Sense-making and meaning-making

My support is less unconditional to one of his proposed actions: “All Collective Intelligence is gated by Sensemaking. Right now, our collective sensemaking systems are in complete disarray. We don’t know who or what to trust. We barely even know how. Find ways to improve your individual sensemaker and collaborate on collective sensemaking systems.”

When we conflate sensing and meaning-making into “sense making,” we risk to lose their power as separate distinctions. As I wrote in 2011, “Collaborative sensing and making meaning are two essential sequences in the emergence of collective intelligence in organizations, social movements, and human groups of any size.”

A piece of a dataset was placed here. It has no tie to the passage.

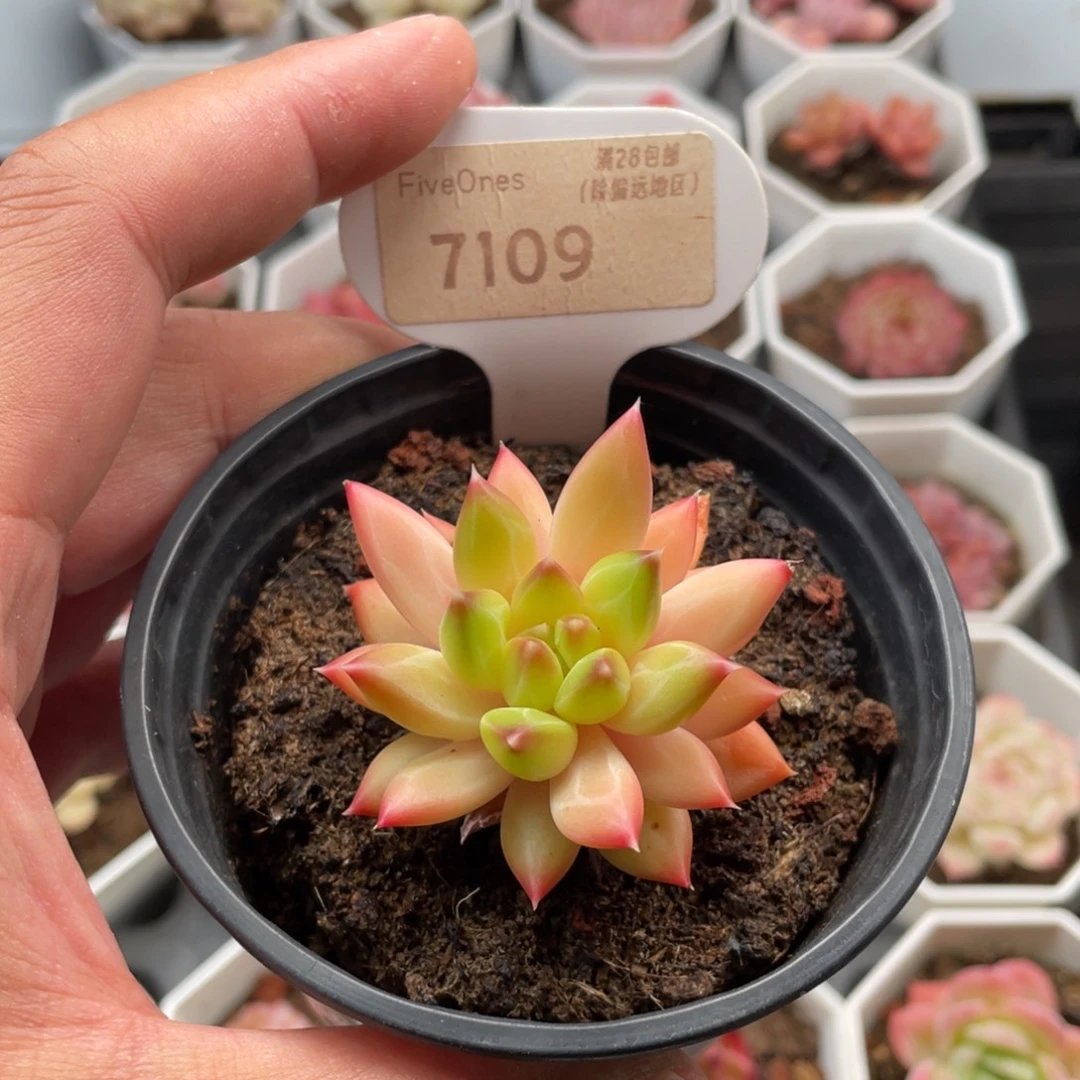 甲骨文7109-5厘米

First, we need to sense an object or an event to construe the meaning of it. Collective self-reflection, which is a pre-condition of collective intelligence, needs to be preceded by what we sense as real, followed by the activation of our collective meaning-making organs.

However, I don’t think that there’s a fundamental difference between our perspectives because, in another place, Jordan said, “we’re limited by discernment so we’re always going to have to be doing work on improving the quality of our discernment in all the modalities,” and that discernment comes, clearly before meaning-making.

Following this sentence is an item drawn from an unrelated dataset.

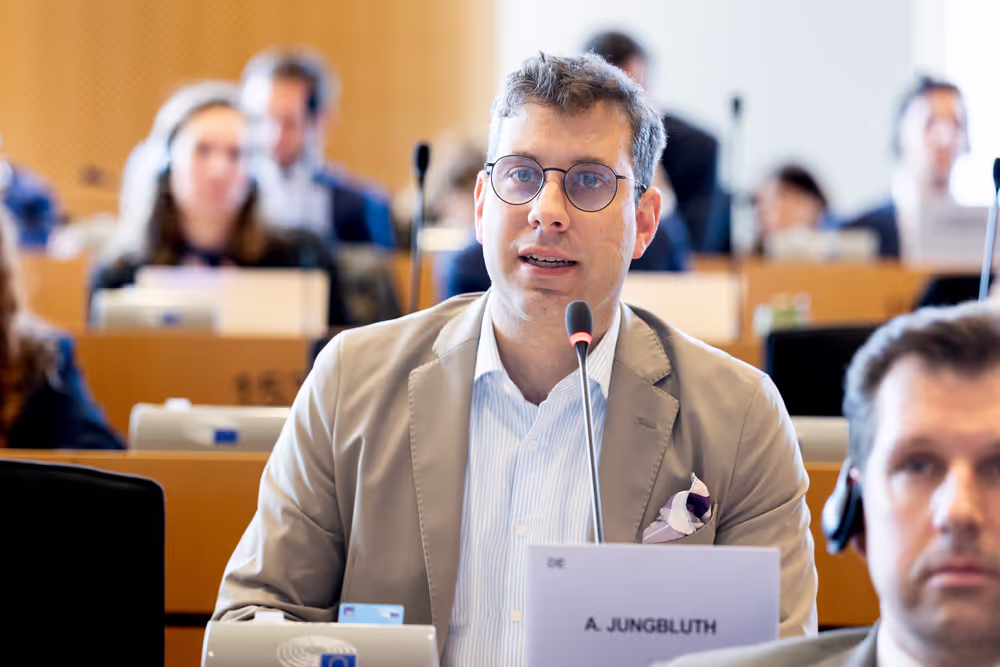 BUDG Committee - Interim report on the proposal for the multiannual financial framework for 2028-2034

The individual is not the most important unit of cognition

Where he and I come into full alignment, again, is this assessment of his: “We live in a non-linear world, stop thinking linearly. Once you have accepted this as the task, you will eventually come to an important conclusion: you can’t. By yourself, you can’t think non-linearly. This isn’t your fault. Individual human beings can’t think non-linearly. Only ‘collective intelligences,’ those agents of ‘inter-subjective consciousness’ can.”

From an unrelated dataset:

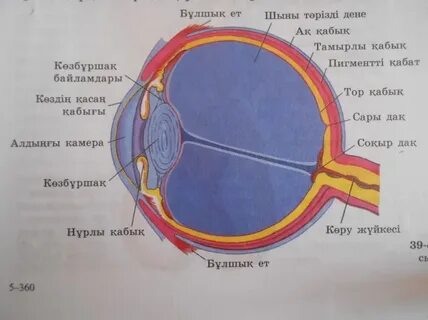 Пенисаның тері астындағы шарлар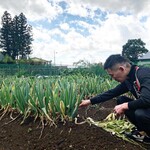 東京ITALIAN AKATSUKA -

I’m delighted that this view starts gaining currency. Unless we learn to accept the unthinkable, that from the perspective of our evolutionary future, the individual human being is not the most important unit of cognition anymore, we are doomed. I’m not talking about a “Borg-mind” future but the distributed cognition that manifests in the collective intelligence that can emerge from self-organising collectives of any size, in the right conditions.

I guess I was too optimistic about the timing when I wrote, in 2010, in my piece “In Defense of Complexity” on my Blog of Collective Intelligence: “What if what we sense as overwhelming complexity was only evolution’s trick to seduce us into the collective identities and shared minds needed to make sense and higher meaning out of our world? What if someday we woke up realizing that we left the fixation with the narrower perspectives behind just as we did with toys that we’ve outgrown in the kindergarten? What if that day was today?”

I hope I was only 10 years too early to ask that question. Let’s see what’s needed to realize that possibility in the ‘20s.

The gap between collective intelligence and collective will

In his rumination on Decentralised Collective Intelligence, Jordan Hall points to a number of the important enabling conditions. I pick only one, which I deem as calling for the kind of collaborative inquiry that I’m the most passionate about: “there’s a gap between a coherent collective intelligence and a coherent structure of being able to respond as a whole.”

No doubt, a post-conventional collective coherence (in perception and meaning) needs to come into being in a group of any size before it can give birth a coherent collective will. We can fill the gap between the two only by symmathesy and an enabling innovation ecosystem. The latter should be the subject of another article.